« September 15, 2017 | Main | September 29, 2017 »

Sunday, September 24, 2017

Floating Point Benchmark: PL/I Language Added

I have posted an update to my trigonometry-intense floating point benchmark which adds PL/I to the list of languages in which the benchmark is implemented. A new release of the benchmark collection including PL/I is now available for downloading.

I have always had a fondness for PL/I. Sure, it was an archetypal product of IBM at the height of the supremacy of Big Blue, and overreached and never completely achieved its goals, but it was a product of the 1960s, when technological ambition imagined unifying programming languages as diverse as Fortran, COBOL, and Algol into a single language which would serve for all applications and run on platforms ranging from the most humble to what passed for supercomputers at the time. It was the choice for the development of Multics, one of the most ambitious operating system projects of all time (and, after its wave of enthusiasm broke on the shore of reality, inspired Unix), and the C language inherits much of its syntax and fundamentals from PL/I.

Few people recall today, but the first version of AutoCAD shipped to customers was written in PL/I. When we were developing AutoCAD in 1982, we worked in parallel, using Digital Research's PL/I-80 (a subset of PL/I, but completely adequate for the needs of AutoCAD) on 8080/Z-80 CP/M systems and C on 8086/8088 machines. As it happened, AutoCAD-80, the PL/I version, shipped first, so the first customer who purchased AutoCAD received a version written in PL/I.

The goal of PL/I was the grand unification of programming languages, which had bifurcated into a scientific thread exemplified by Fortran and variants of Algol and a commercial thread in which COBOL was dominant. The idea was that a single language, and a single implementation would serve for all, and that programmers working in a specific area could learn the subset applicable to their domain, ignoring features irrelevant to the tasks they programmed.

By the standards of the time, the language feature set was ambitious. Variables could be declared in binary or decimal, fixed point or floating, with variable precision. Complex structures and arrays could be defined, including arrays of structures and structures containing arrays. A variety of storage classes were available, allowing the creation of dynamically or manually allocated storage, and access through pointers. Support for recursive procedures and reentrant code was included. The language was defined before the structured programming craze, but its control structures are adequate to permit structured programming should a programmer choose that style. Object orientation was undreamt of at the time, and support for it was added only much later.

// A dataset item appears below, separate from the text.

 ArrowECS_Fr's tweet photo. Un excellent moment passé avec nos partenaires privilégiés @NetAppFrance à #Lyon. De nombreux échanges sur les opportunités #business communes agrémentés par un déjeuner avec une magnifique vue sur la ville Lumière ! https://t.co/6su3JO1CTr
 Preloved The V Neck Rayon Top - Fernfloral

Iron Spring Software is developing a reasonably complete implementation of PL/I which runs on Linux and OS/2. It adheres to ANSI standard X3.74-1987 (ISO/IEC 6522:1992), the so-called “Subset G” of the language, but, in its present beta releases, does not support all features of the standard, The current state of the beta version is documented in the Programming Guide. With one exception (the ASIN mathematical builtin function), none of the missing features are required by the floating point benchmark, and ASIN is easily emulated by the identity (expressed in PL/I)
        asin(x) = atan(x, sqrt(1 − (x * x)))
implemented as a procedure in the program.

The Iron Spring PL/I compiler is closed source, and will be offered for sale upon general release, but during the beta period downloads are free. The runtime libraries (much of which are written in PL/I) are open source and licensed under the GNU Lesser General Public License (LGPL). There are no restrictions or licenses required to redistribute programs compiled by the compiler and linked with its libraries.

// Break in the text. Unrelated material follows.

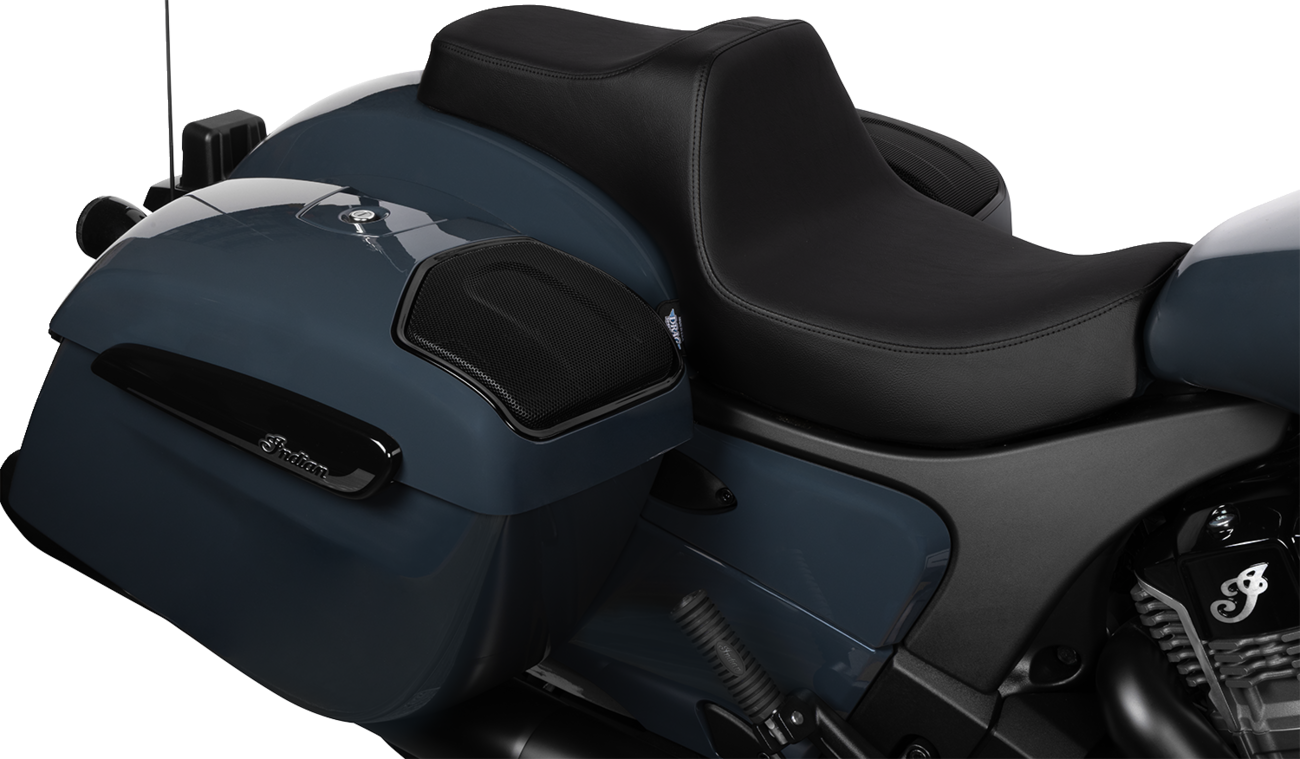 DRAG SPECIALTIES SEATS Predator III 2-up motorcycle seat for Chieftain 2025 and Challenger 2020-25, vinyl with smooth finish.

This version of the benchmark was developed using the 0.9.9b beta release of the Iron Spring PL/I compiler. Current Linux downloads are 32-bit binaries and produce 32-bit code, but work on 64-bit systems such as the one on which I tested it. It is possible that a native 64-bit version of the compiler and libraries might outperform 32-bit code run in compatibility mode, but there is no way at present to test this.

The PL/I implementation of Fbench is a straightforward port derived from the Ada version of the program, using the same imperative style of programming and global variables. All floating point values are declared as FLOAT BINARY(49), which maps into IEEE double-precision (64 bit) floating point. As noted above, the missing ASIN (arc sine) builtin function was emulated by an internal procedure named l_asin to avoid conflict with the builtin on compilers which supply it.

Development of the program was straightforward, and after I recalled the idioms of a language in which I hadn't written code for more than thirty years, the program basically worked the first time. Support for the PUT STRING facility allowed making the program self-check its results without any need for user interaction. To avoid nonstandard system-dependent features, the iteration count for the benchmark is compiled into the program.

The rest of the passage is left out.